Книжно-Газетный Киоск


16. КАК ВЛАСТЬ ВОСПРИНИМАЛА ПУШКИНА: «ВЕЛИКИЙ ПОЭТ» ИЛИ (И) «ВЕЛИКИЙ ЛИБЕРАЛ»?

Говоря о роли Государя в «посмертной судьбе» Пушкина, следует отметить несколько моментов.
Во-первых, хотя в самом погребении поэта и не было выражено стремления совершить этот акт сколько-нибудь торжественным образом, однако, воля Пушкина была полностью исполнена, и местом упокоения его стал, естественно, Святогорский монастырь, где и раньше погребали членов его семейства, и гда сам он за год перед тем похоронил родную мать (там, собственно, и находилась их семейная усыпальница).
При этом — и отнюдь не в силу какого-либо «коварного» желания III Отделения, а по причине существовавшего тогда общего порядка — был выправлен и необходимый для погребения в монастыре документ (точно так же — как это совершалось и в случае похорон других членов семьи)1.
Во-вторых, Госуларь обещал очистить от долга заложенное имение отца поэта.
В-третьих, Государь выплатил все долги поэта различным частным лицам, а это была весьма и весьма немалая по тем временам сумма — 92, 5 тысячи рублей!2
В-четвертых, «финансово» были «пристроены» все члены пушкинской семьи (пенсион — вдове и дочерям до замужества последних), сыновей — в пажи… денежные суммы им на воспитание — до поступления их на службу.3
В-пятых, издавались за казенный счет (причем в пользу семьи) сочинения Пушкина4.

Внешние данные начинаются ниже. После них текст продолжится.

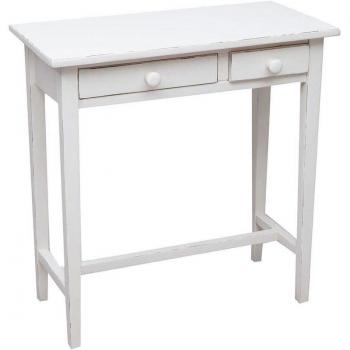 Mesa Consola Country de Madera Maciza de Tilo con Acabado Blanco Envejecido 73x36x75 cm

И, наконец, единовременно (на похороны) — 10 тысяч руб.)5. Следует также добавить и то, что было завершено судебное разбирательство относительно самой дуэли: Дантес-Геккерн разжалован и изгнан из России, а секундант Пушкина — Данзас (за которого особо, как за «брата», просил Царя умиравший поэт) отделался вполне формально — всего лишь двумя месяцами гауптвахты…

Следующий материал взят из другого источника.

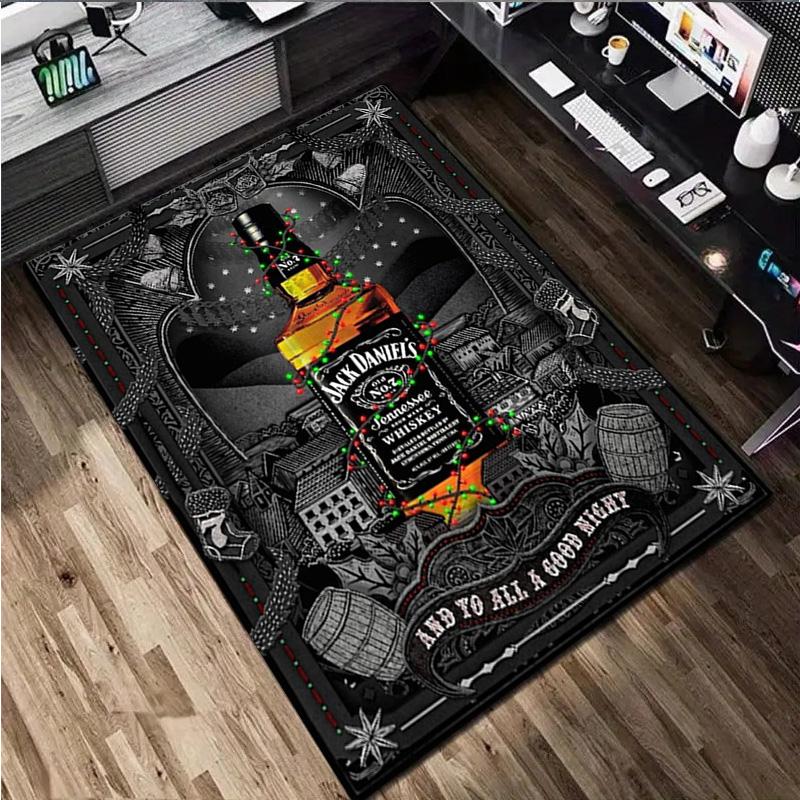 Jack Daniel's Whiskey carpet Office Decorative Carpet For Living Room Bedroom Door Mat Floor Rug Computer Chair Area Rug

Тогда же из России был выслан и «гнусный каналья» (по выражению Государя) — голландский посланник Геккерн.

…Но при всём, при том — личная позиция Государя в пушкинском «деле» (и это, безусловно, необходимо подчеркнуть) была предельно двойственна.
С одной стороны — он явно склонялся к благожелательности — этим и можно характеризовать его отношение к Пушкину: как к просто «политически» честному и весьма умному человеку. И, — как поздней вспоминала дочь Николая I — Великая Княгиня Ольга, — её отец, пытаясь (насколько это было возможным для него) идти навстречу поэту, «надеялся таким образом дать возможность свободного взлета гению, заблуждения которого обнаруживали пылкую, но не испорченную душу»; Государь «проявлял к нему интерес, как к славе России»6.
Но в то же аремя Николаю I отнюдь не безразлична была некоторая недостаточность (по его мнению) «церковности» в Пушкине, пусть, безусловно, и уходившая постепенно — из всё более мудреющего поэта, но которую Царь отнюдь не собирался не замечать вовсе.
И, скажем, тут Николай I, например, явно различал особо любимого им историка-писателя Карамзина — и Пушкина.
И недаром, как свидетельствует А. И. Тургенев в одном из своих писем, Государь сказал В. Жуковскому — в ответ на просьбу того написать указы от лица Императора о пенсиях пушкинскому семейству (причем сделать это так, как он делал это ранее в отношении семейства умершего Карамзина): «Ты видишь, что я делаю все, что можно, для Пушкина и семейства его и на все согласен, но в одном только не могу согласиться с тобою: это в том, чтобы ты написал указы как о Карамзине. Есть разница: ты видишь, что мы насилу довели его до смерти христианской (разумея, вероятно, совет Государя исповедаться и причаститься), а Карамзин умирал как ангел». И тут А. Тургенев добавляет: «Конечно так: Государь не мог выхвалять жизнь Пушкина, умершего на поединке… но он отдал должное славе русской, олицетворившейся в Пушкине»7.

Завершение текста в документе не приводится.